Physical connectivity to the network is another issue. This bogeyman is insidious. Back-hoes, edge router failures, and ill-conceived grooming operations all happen with regularity.
Risks: Connectivity issues can slow network traffic to a crawl or interrupt service completely.
Mitigation: There are so many points of failure for a network circuit it takes careful thought to completely mitigate the associated risks. Secondary circuits only really offer protection if they are 100% diverse — different conduit into the building, different last-mile route, different CO, etc. Other alternatives include different transport media altogether (cable, fixed wireless, or 3G/4G). Placing enterprise-accessible applications and data in a well-connected hosting facility can further mitigate these risks by making secondary connections easily accessible.
- Forces of nature
In any area with adverse weather, the possibility of fire, flood, and wind should be considered. Fire in particular is often not given enough thought.
Risks: Environmental events can destroy buildings and equipment in a way that makes recovery a long and drawn-out endeavor. Because these events are so destructive, they also frequently cause widespread data loss.
Mitigation: The best way to mitigate environmental risks is by placing mission-critical equipment and applications in a hardened hosting facility. Data loss risk can be mitigated with a disciplined off-site backup program that is regularly tested. Moving applications and data to cloud infrastructure can also provide security.
- Equipment failures
Technology fails. Period. Hard drives in particular have a tendency to fail at the least opportune time. These issues are surprisingly under-emphasized when DR is discussed.
Risks: Equipment failures can slow access to applications and data, cause extended outages, or destroy data.
Mitigation: Implementing hardware redundancy is fairly easy, and most IT managers make sure their servers all have RAID arrays. Application redundancy is a little harder and requires planning for data replication or clustering. Leveraging cloud infrastructure or virtual machine technology can mitigate the risk of equipment failure by de-coupling applications and equipment, but comes with its own set of risks (see below).
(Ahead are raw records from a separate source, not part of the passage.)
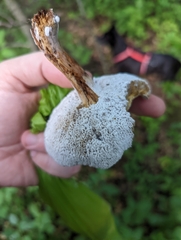 Hypomyces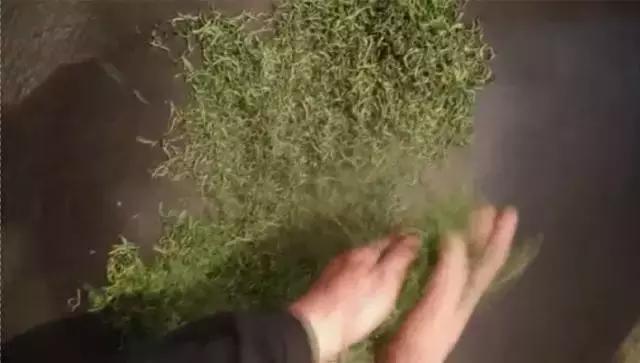 茶叶上的那些“毛毛”，究竟是怎么一回事？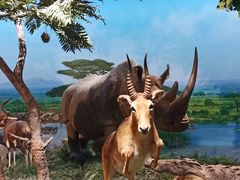 -国家自然博物馆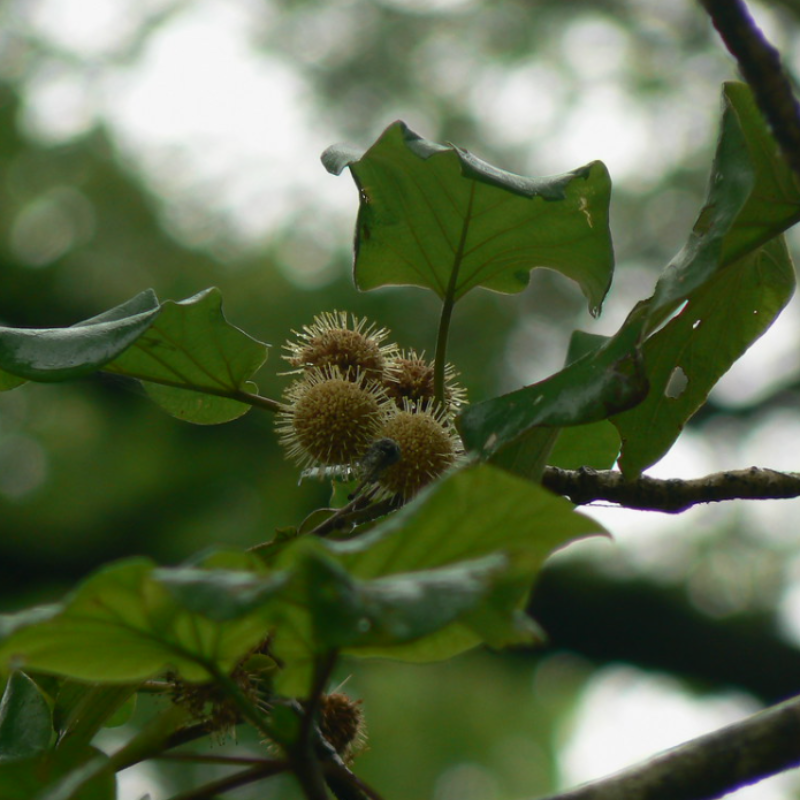 Adina cordifolia seeds - 100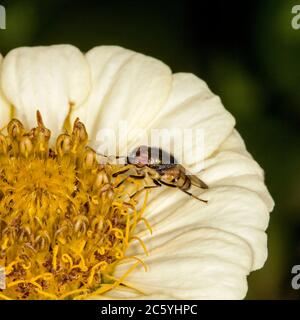 Nahaufnahme der Blowfly, Stomorhina-Art, mit großen Augen, auf hellgelben Blütenblättern der Zinnia-Blüte vor dunkelgrünem Hintergrund in Australien Stockfoto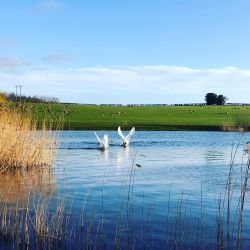 Local Area - Summer at Andy's Fishing Lake (nearby)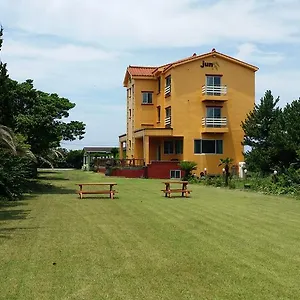 준 하우스 호스텔 제주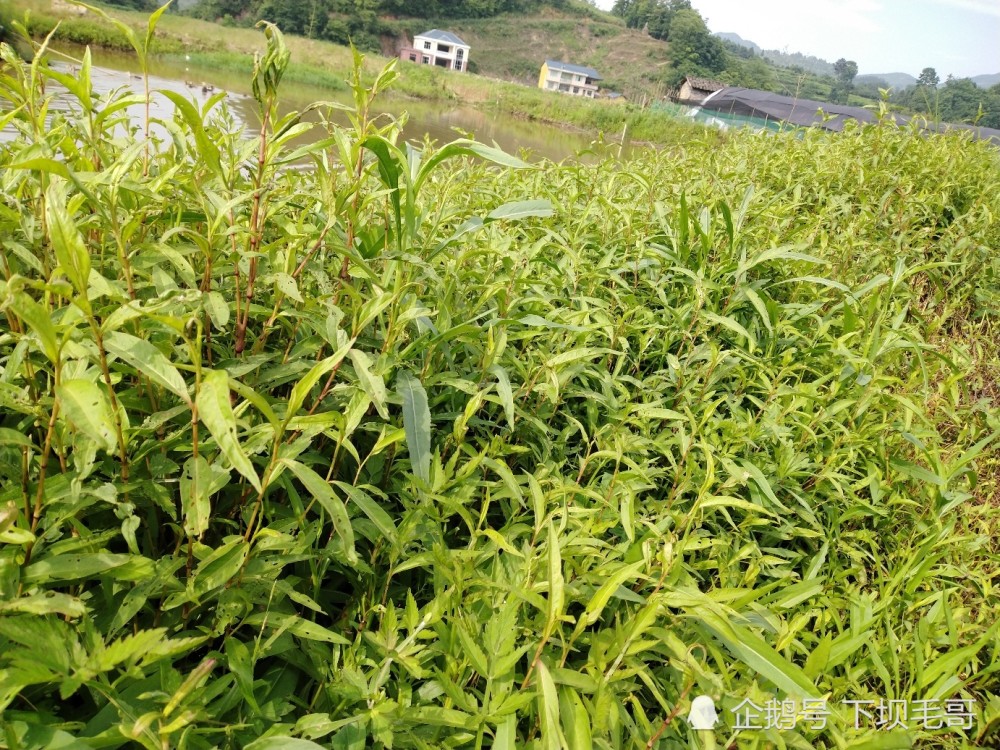 农村常见的辣蓼草,少见的水陆两栖植物,不仅可做酒曲还能泡柿子
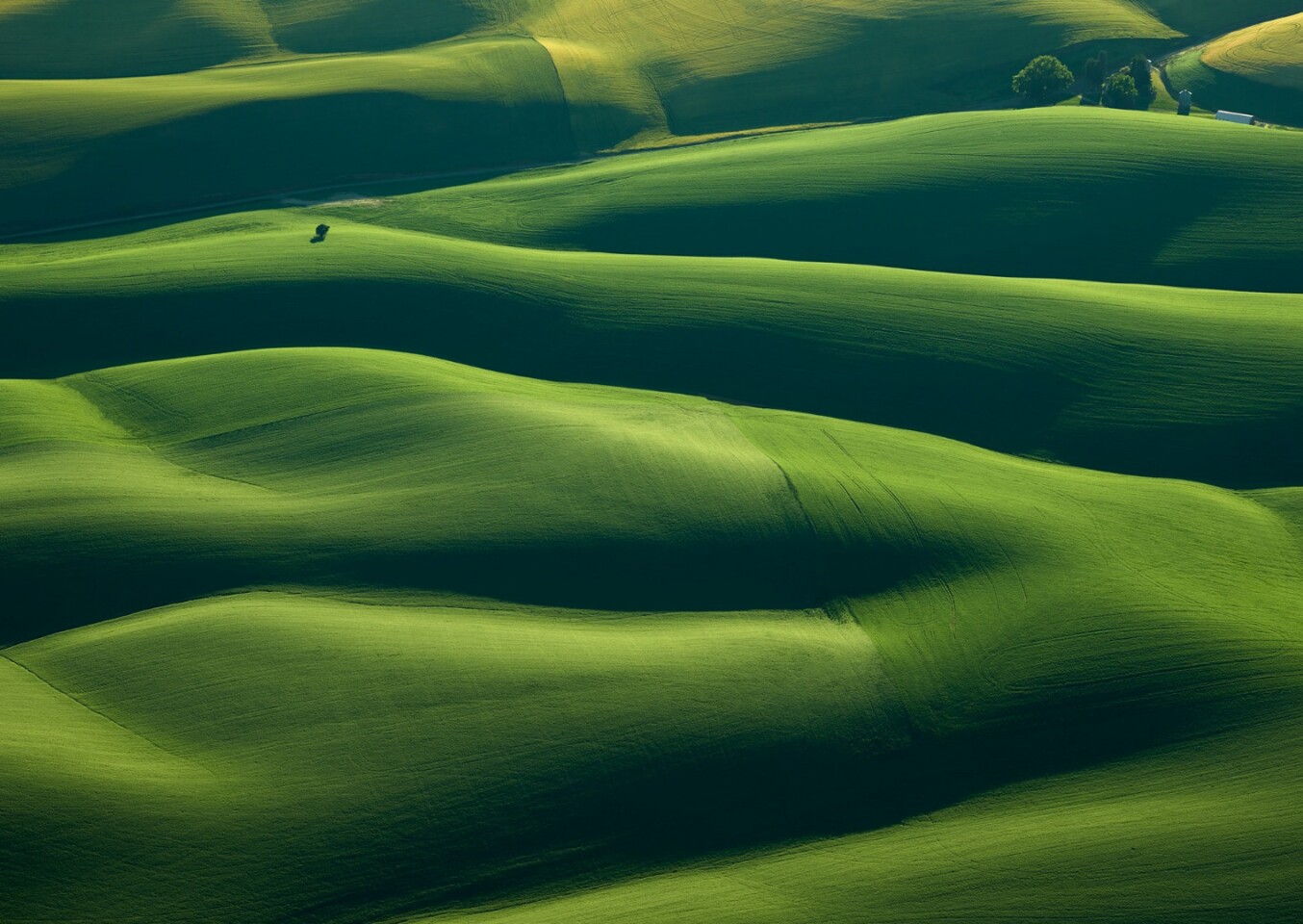 Instead of directly looking down, one of Mitch Rouse’s earliest Palouse Farm image sets looked out the side of a Cessna place highlighting the undulations in the wheat fields near Pullman, Washington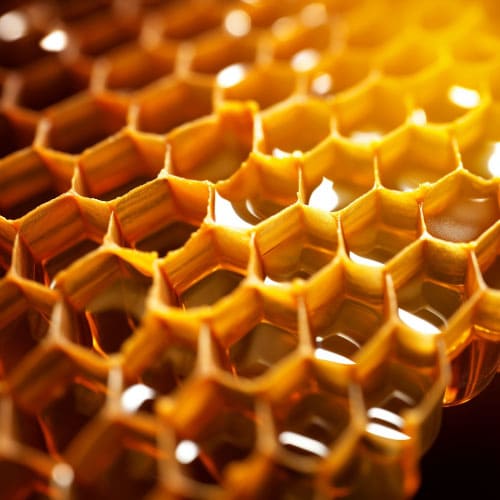 arquetipo abelha v3 1 O Arquétipo da Abelha: Transformação e Crescimento Pessoal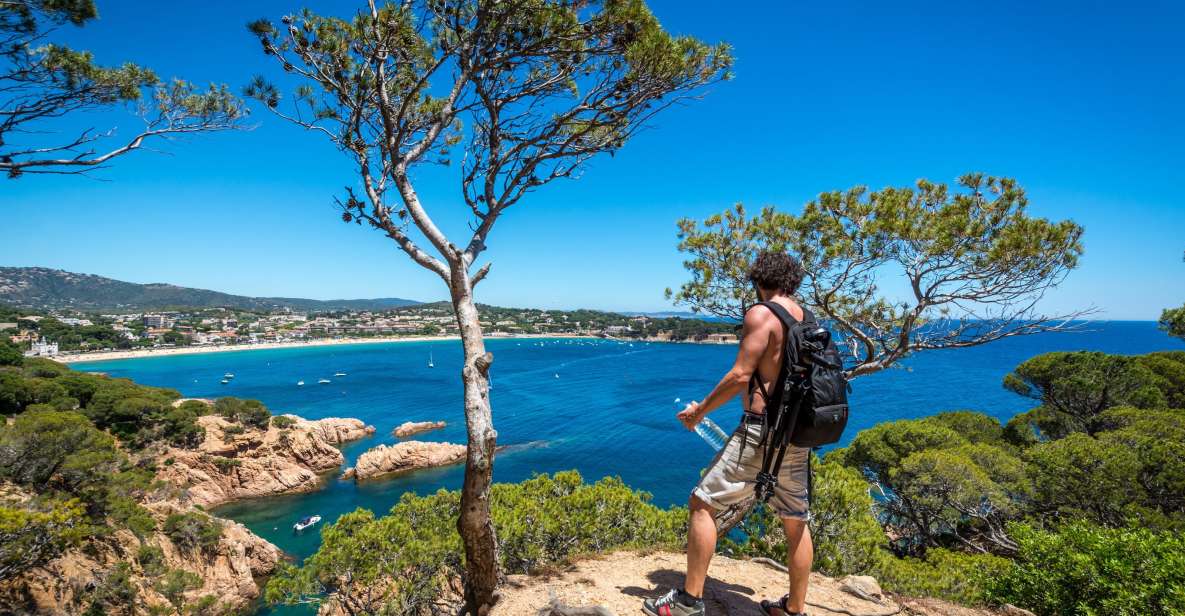 Barcelona: Costa Brava Hike, Snorkel & Cliff Jump With Lunch - Activity Overview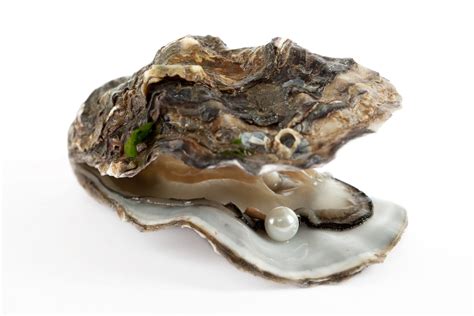 Free Images : shell, oyster, bivalve, seafood, Giant clam, shellfish, abalone, molluscs ...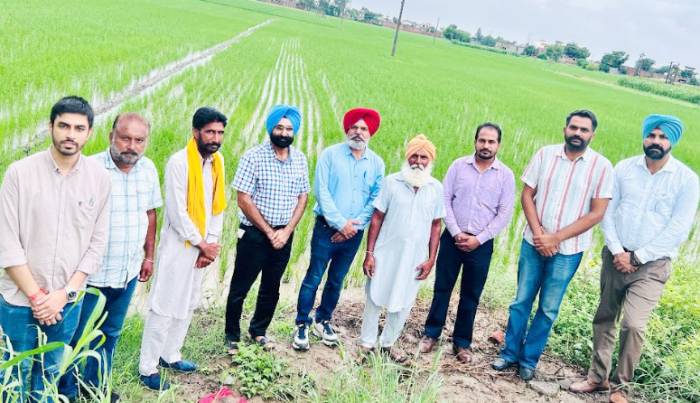 ਝੋਨੇ ਦੀ ਸਿੱਧੀ ਬਿਜਾਈ ਦੇ ਪ੍ਰਬੰਧਨ ਤਰੀਕਿਆਂ ਉੱਤੇ ਕਿਸਾਨ-ਸਾਇੰਸਦਾਨ ਮਿਲਣੀ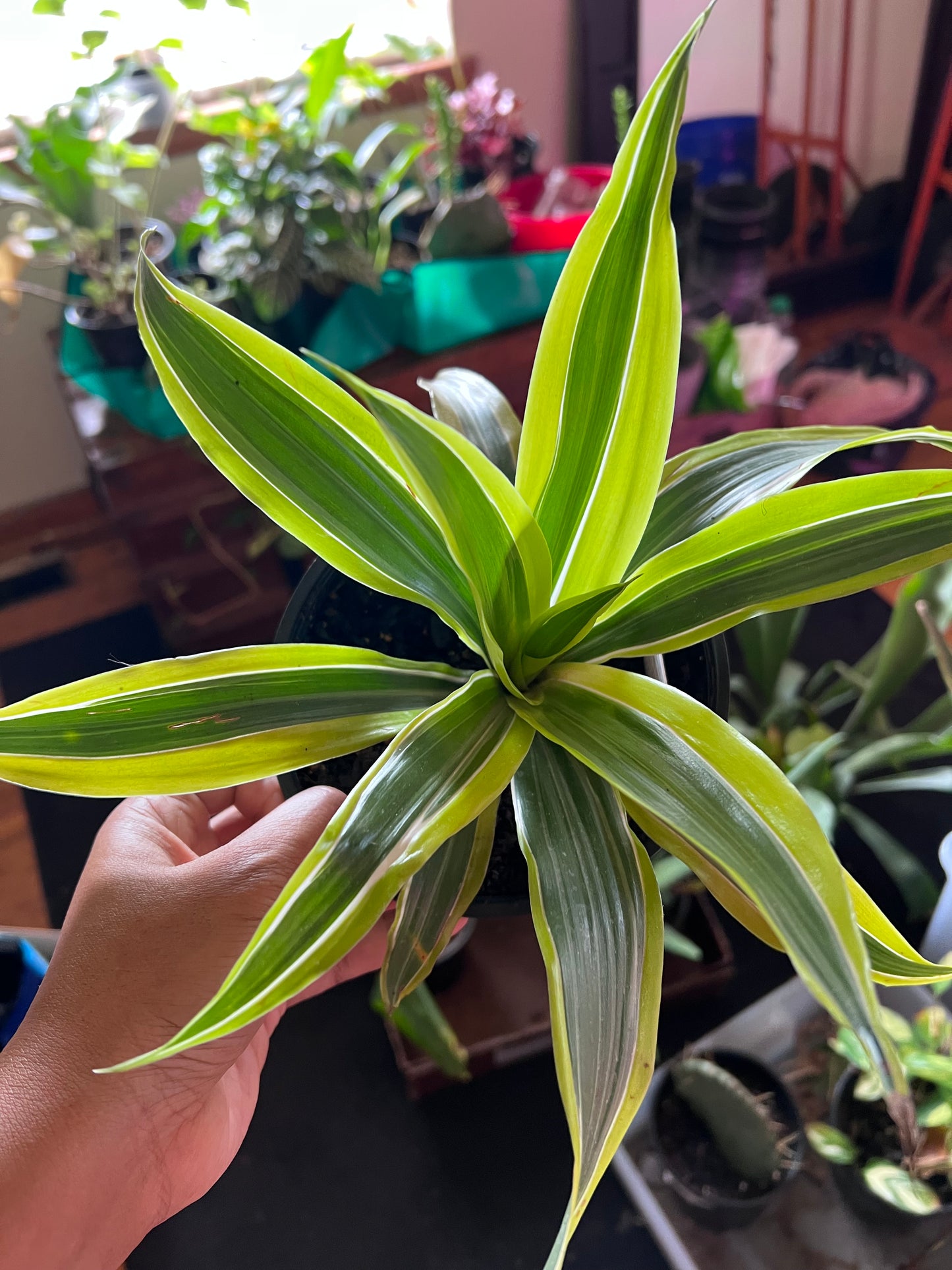 Dracaena Dragon Lemon Surprise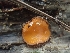  ( - HAY-F-003486)  @11 [ ] by-nc (2023) Sadie Hickey Fungal Diversity Survey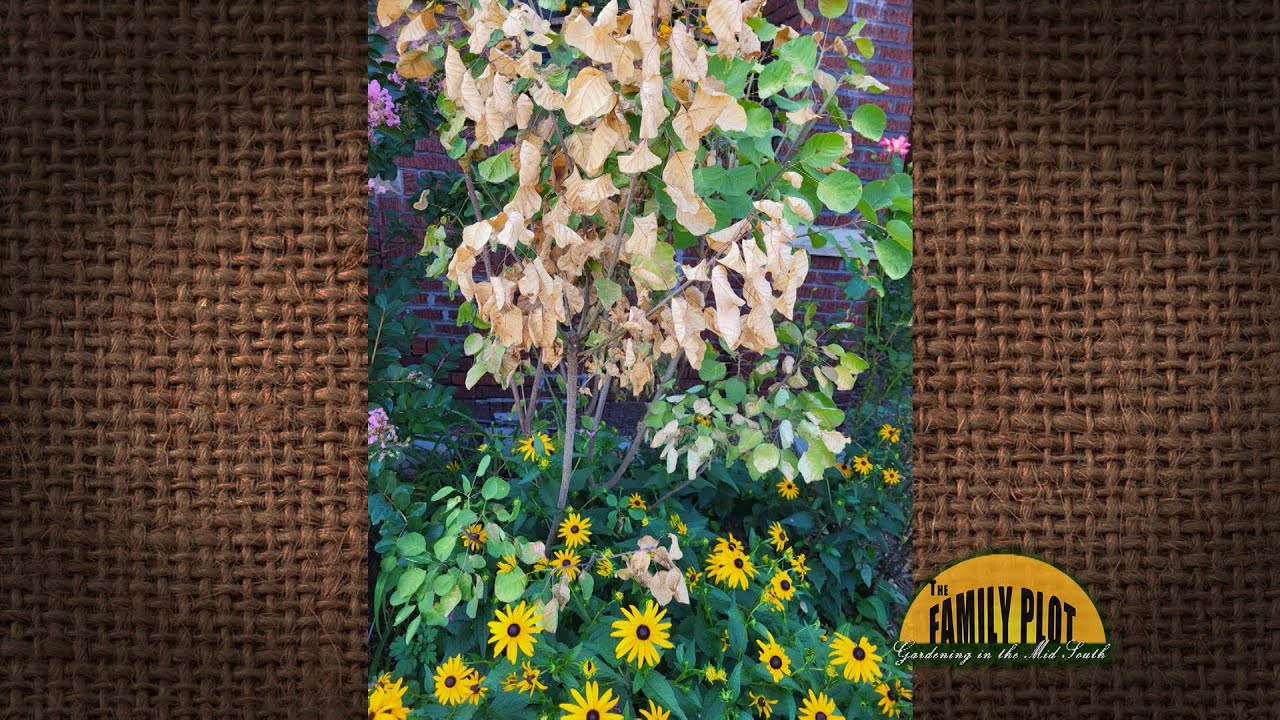 Q&A – Can verticillium wilt spread to other plants?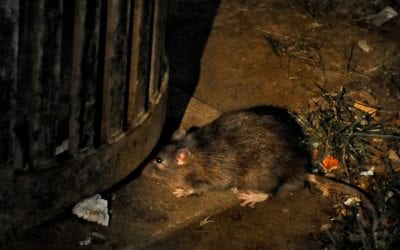 Chicago Is Trying Rat Birth Control. Will It Actually Work?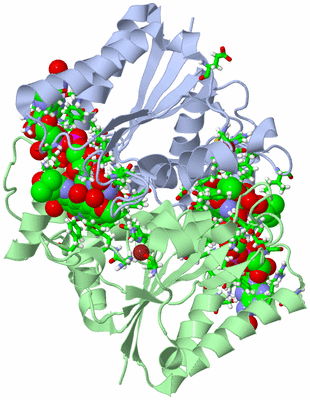 Image Asym./Biol. Unit - sites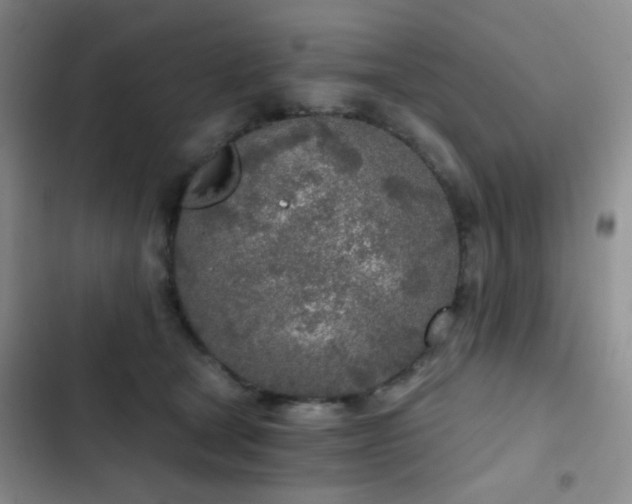 X0000103220465200808281412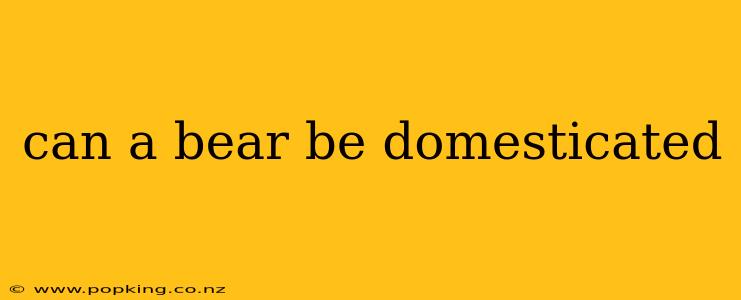can a bear be domesticated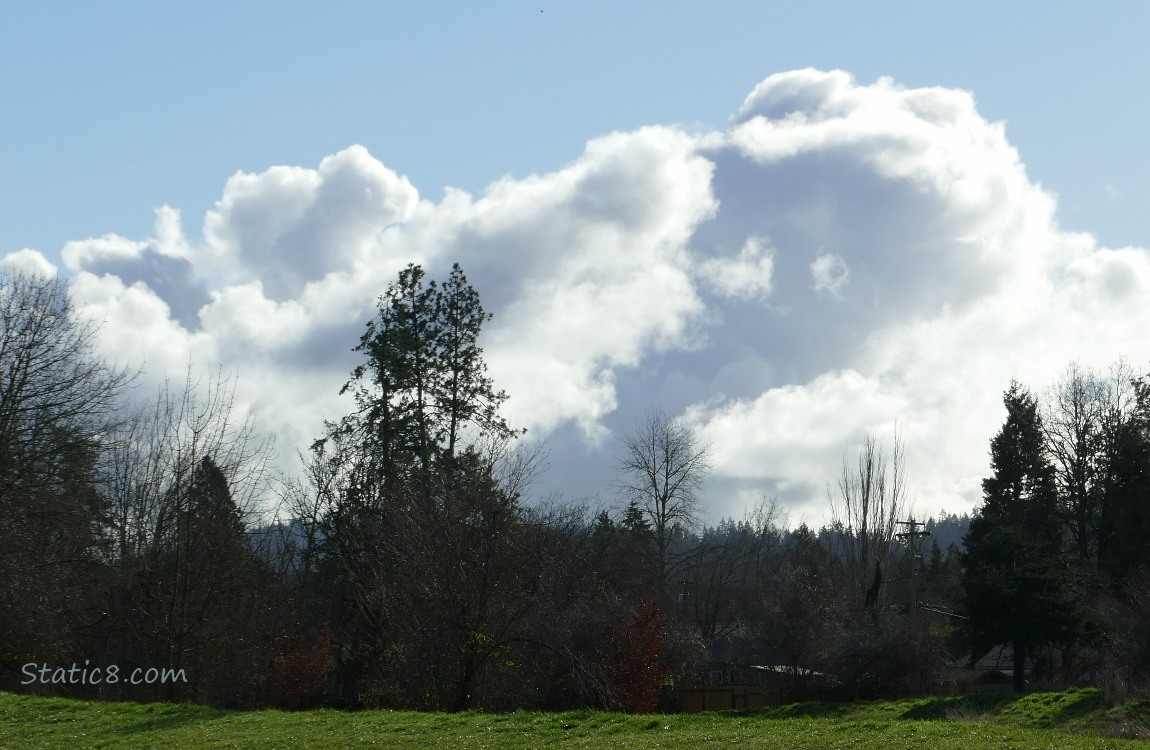 Puffy white clouds over winter bare trees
Security touches everything in IT, from data protection to application availability. What's worse, security can often have implications beyond day-to-day functioning. If your lax security exposes your clients' personal information you could have immense liability. Bear in mind security is as much infrastructure as process.
Risks: Slow or no application and data availability due to DDOS attacks, public exposure of proprietary data, both company intellectual property and client information.
Mitigation: There are a number of ways to address security, but almost none are a set-and-forget solution. There are managed security services, outsourced security specialists, and cloud-based network security products, but all require regular monitoring and testing. Moving applications to the cloud also merits a security discussion.
While not all IT risks are in our domain as communications infrastructure consultants, it's important to be able to talk holistically with your clients about risk. You may find that there are dangers your client wasn't aware of, or fears you weren't aware of. In any case, if you have a complete understanding of their IT objectives and fears, you will be in a much better position to offer a relevant solution.